▶ TASK BRIEF:
The answer should hold every line of the listing, unchanged and free of images.
··· AVAILABLE DATA ···
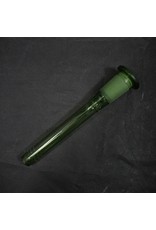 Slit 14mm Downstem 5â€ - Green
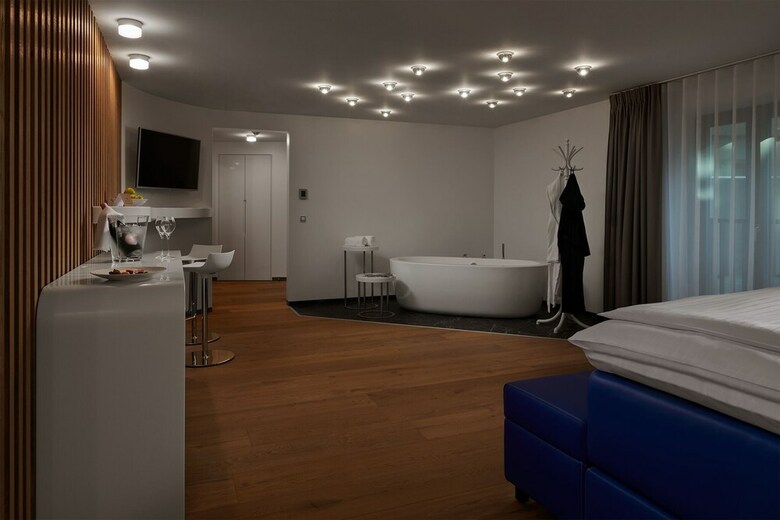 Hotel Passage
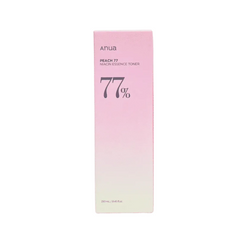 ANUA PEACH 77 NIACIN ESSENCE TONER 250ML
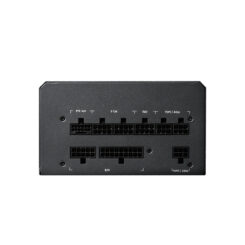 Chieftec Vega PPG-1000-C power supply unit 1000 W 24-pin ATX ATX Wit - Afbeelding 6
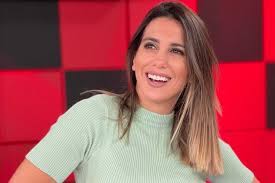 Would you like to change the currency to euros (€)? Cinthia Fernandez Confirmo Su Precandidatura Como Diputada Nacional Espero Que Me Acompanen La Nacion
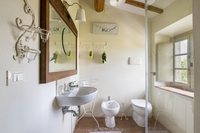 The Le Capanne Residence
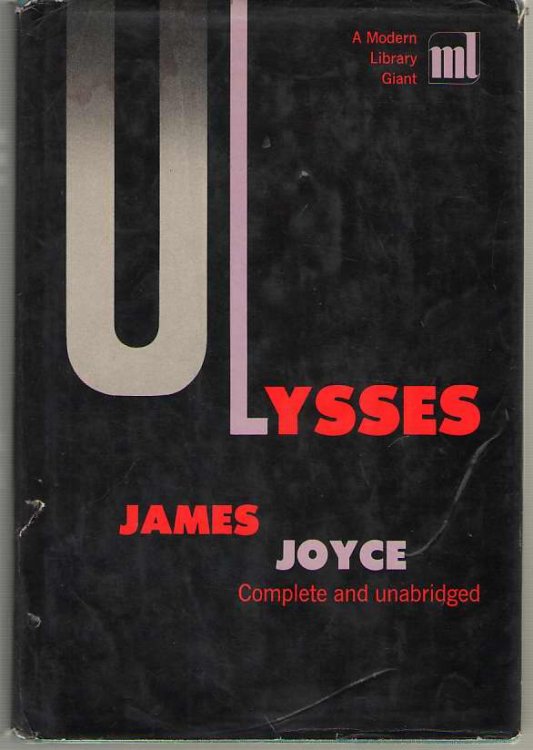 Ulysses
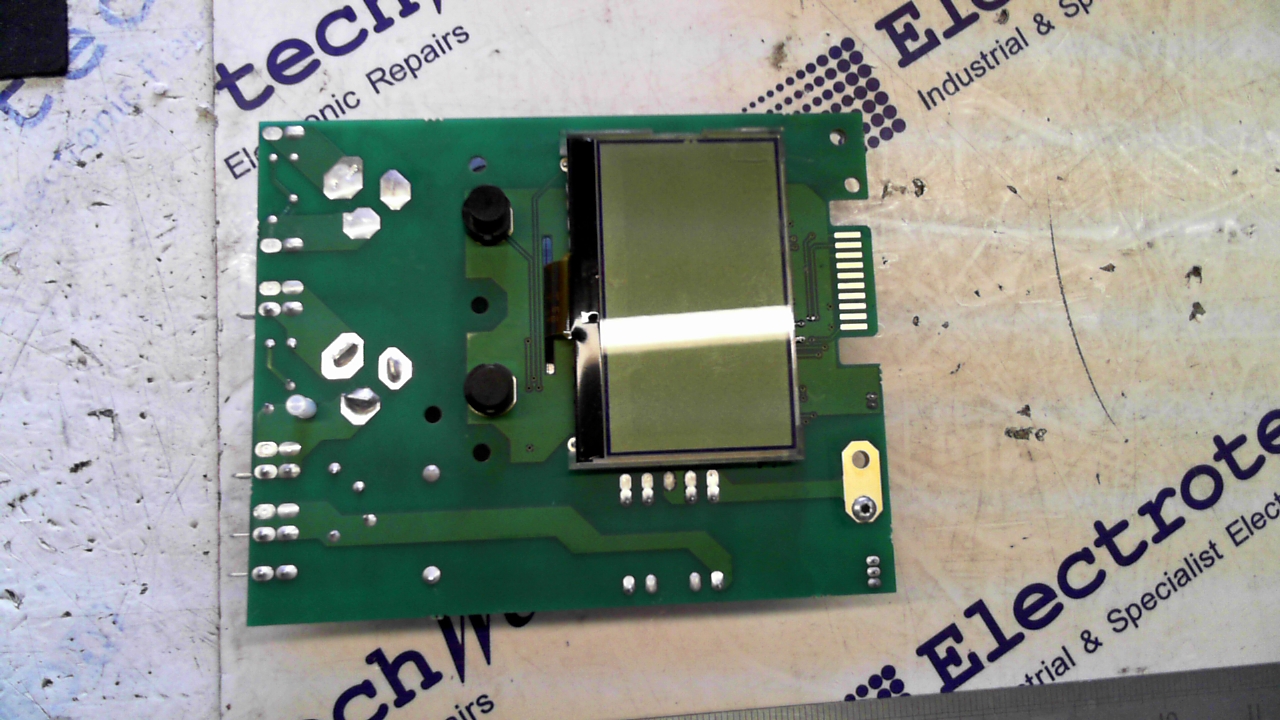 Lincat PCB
···
▶ EXERCISE ANSWER:
 Slit 14mm Downstem 5â€ - Green
 Hotel Passage
 ANUA PEACH 77 NIACIN ESSENCE TONER 250ML
 Chieftec Vega PPG-1000-C power supply unit 1000 W 24-pin ATX ATX Wit - Afbeelding 6
 Would you like to change the currency to euros (€)? Cinthia Fernandez Confirmo Su Precandidatura Como Diputada Nacional Espero Que Me Acompanen La Nacion
 The Le Capanne Residence
 Ulysses
 Lincat PCB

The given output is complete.